Okay the other day I told you about my wife’s flip project. I’ve also told you about my small bit roles. I had mentioned the small (30 x 22), front yard of the home that is now on the market. It would be my “pet project” as part of the Pennington Seed #Seed4Yourself program. If you remember, I had to opportunity to visit the folks from Pennington. There I learned all about grass seed.
Why Was I Seeding This Lawn, Now?
This front yard, when the home was purchased, had a medium-sized and unruly tree smack dab in the middle of it. In an effort to make the home more curb-appealing, Mrs. Moxie and the Other Man, Mr. Paul had it removed. As the trunk was ground down, it left a rather large “hole” in approximately 30% of the plot. Add to that the regular abuse you can expect with large scale renovation work. I mean – this front yard was in need of, well, a good seeding. That was decided early on.

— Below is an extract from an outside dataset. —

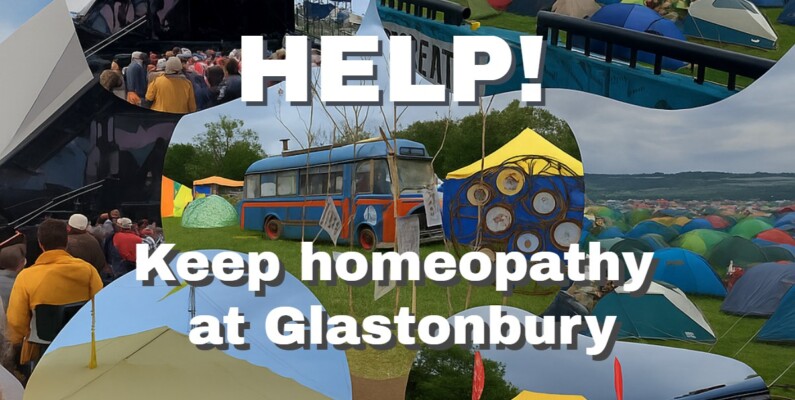 Help Send Homeopaths to Glastonbury Festival 2025: A Fundraising Appeal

Now, I am pretty sure it is common knowledge that when seeding a new lawn, it is best to do so in Spring or in Fall. At the point when I got to it, it was officially, well, Summer. The following week’s temperatures set to hit the hundreds. Ugh! I mean – it said right of the bag of Sun and Shade Mix — “When to Plant: Temperatures between 60 & 80 degrees F.”

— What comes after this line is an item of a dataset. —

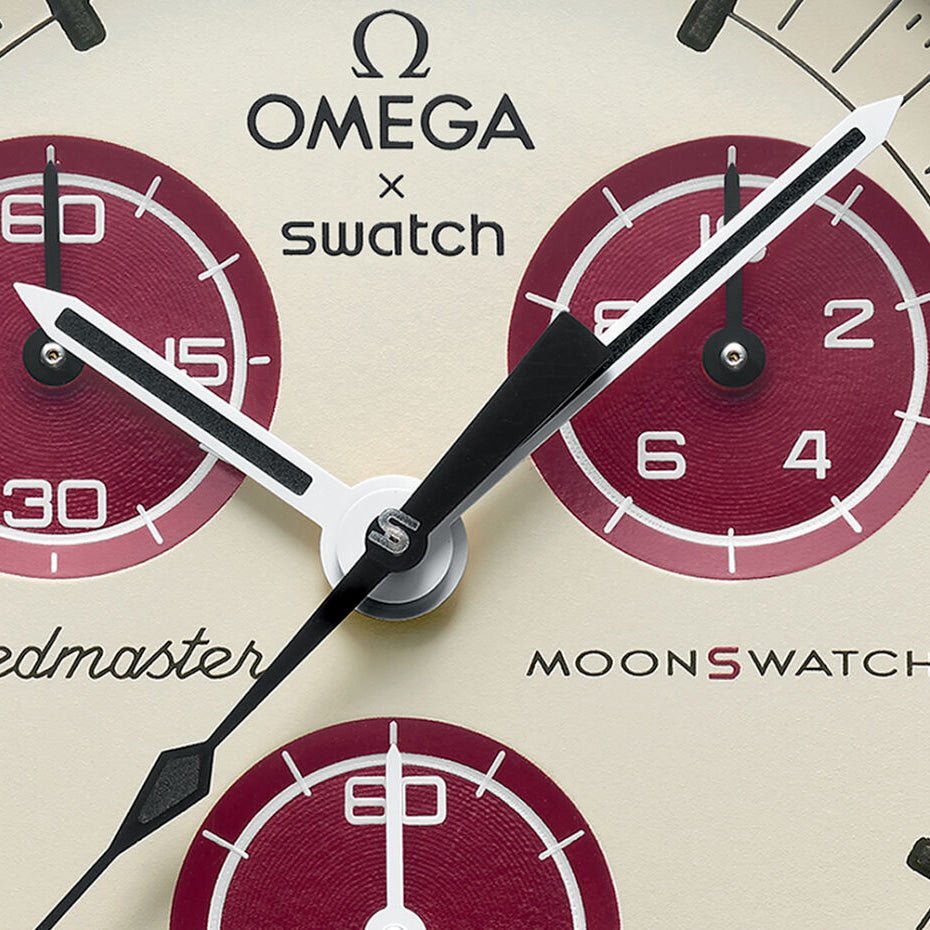 Swatch x Omega Bioceramic Moonswatch Mission to Pluto - OnSize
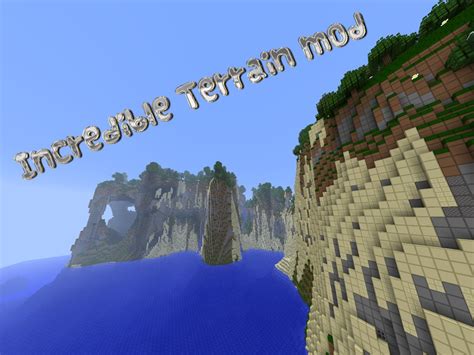 Image result for Minecraft Java Terrain Mod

I was at a point so far out of the ideal planting period that I actually had one home center employee say to me, “It’s gonna die.” To this, I responded, “But I gotta try.”
Growing New Grass From Seed
On a small section of the plot, I used a transfer shovel to remove a patch of clover. While a four to six inch till depth is recommended… my quick and fast got me to about 3 inches. I then worked to clean up the soil a bit, taking about a half an hour to remove stone. I then raked everything out (incorporating about 50 lbs of soil conditioner that I had left over from the work in my own yard) for a slight semblance of finish grade. To do this, I drug a large landscape rake over everything working from the center outward.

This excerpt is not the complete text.